Tucker only smiled, the slight, tolerant smile playing at the corner of his mouth, as if he were chary of admitting even that much about himself.

  "Don't let Shad's reticence mislead you, Killashandra Ree," Orric went on, laying a hand on his friend's shoulder. "He's accredited for more than a lunk fisher. Indeed he is." Killashandra felt yet another tweak of pain that she masked with a smile for Orric. "Shad's got first mate's tickets on four water worlds that make sailing Armagh look like tank bathing. Came here with a submarine rig one of the Anchorite companies was touting." He shrugged, eloquently indicating that the company's praise had fallen on deaf Armaghan ears.

  "They're conservative here on Armagh," Tucker said, his accent a nice change, soft after Orric's near-bellow. She almost had to sharpen her hearing to catch what he said.

  "How so?" she asked Shad.

  "They feel there is one good way to catch lunk when it's in oil. By long line. That way you don't bruise the flesh so much and the lunk doesn't struggle the way it does in a net and sour the oil. The captains, they've a sense of location that doesn't need sonic gear. I've sailed with five, six of the best and they always know when and where lunk are running. And how many they can bring from that deep."

  And, thought Killashandra, bemused by Shad's soft accent, you'd give your arm to develop that sense.

  "You've fished on other worlds," she said out loud.

  "Aye."

  "Where, for instance?"

  He was as unforthcoming as a fish—or herself.

  "Oh, all over. Spiderfish, crackerjaw, bluefin, skaters and Welladay whales."

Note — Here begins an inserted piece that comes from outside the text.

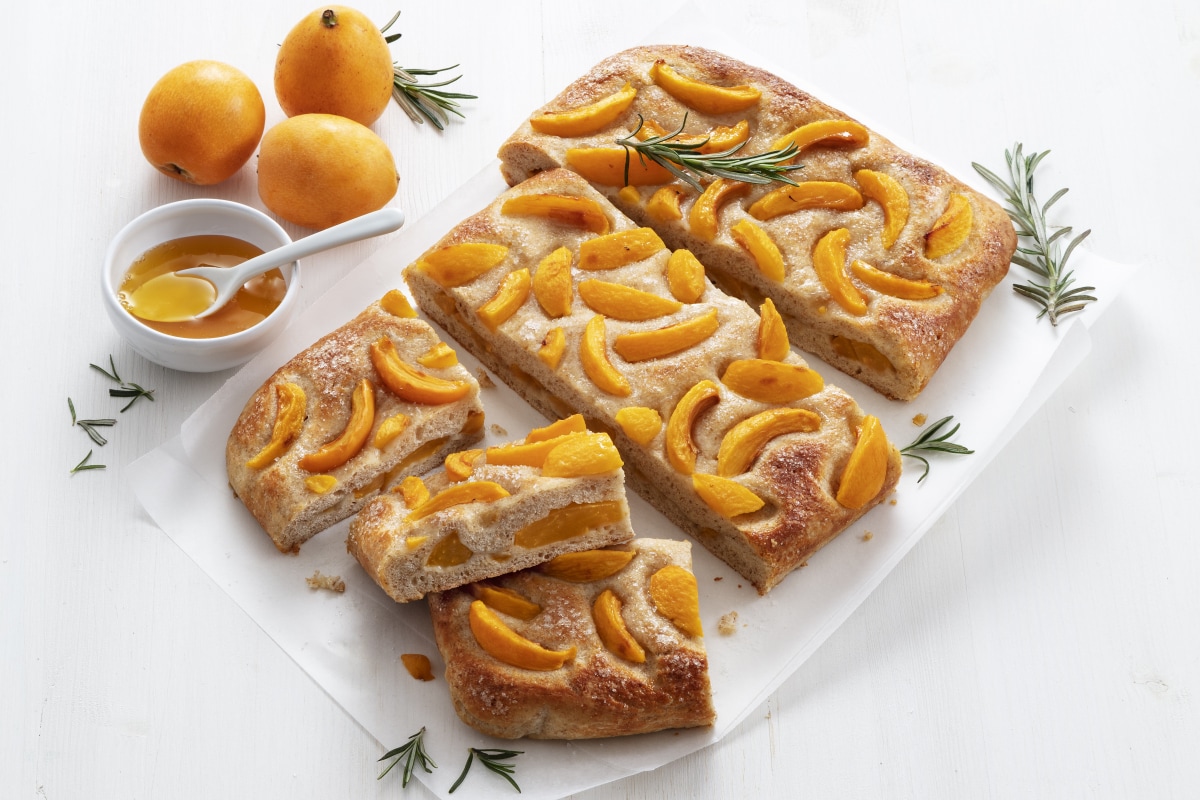 Focaccia com nêsperas e alecrim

  The young man spoke casually, as if encounters with aquatic monsters were of no account. And how, Killashandra wondered to herself, did she know that's what he'd named? Nervously, she glanced to one side and saw Orric's eyes light up, as if he had hoped that the catalog would impress her.

  "A crackerjack opened his back for him on Spindrift," Orric said proudly. "And he flew five miles with a skater and brought it down, the largest one ever recorded on Mandalay."

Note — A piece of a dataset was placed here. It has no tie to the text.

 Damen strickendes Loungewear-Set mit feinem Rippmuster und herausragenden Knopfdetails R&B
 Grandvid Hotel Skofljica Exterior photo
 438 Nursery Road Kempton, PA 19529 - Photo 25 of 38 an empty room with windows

  Killashandra wasn't sure why Orric Thursday wished to extol his friend. But it made him more acceptable in her eyes. Shad was too young, anyhow. Killashandra made no further attempt to draw Shad out but turned to Tir and Orric.

  Despite a continued concern for her consumption of harmat, Orric kept ordering until full dark closed down abruptly on the planet and the artificial lights came on in the room.

  "Mealtime," Biyanco announced in a loud, penetrating voice, and activated a barrier that dropped over the bar. He appeared through a side door and briskly gestured them to a table for four on the other side of the room. Killashandra made no resistance to Orric's suggestion that they all dine together, and she spent the rest of the evening—listening to fish stories—in their company. She spent her night alone—by choice. She had not made up her mind yet.

  When the sun came up over the edge of the sea, she was down in the hotel's private lagoon, floating on the buoyant waters, just as the lunk ships, sails fat with dawn winds, slid out to open sea with incredible speed.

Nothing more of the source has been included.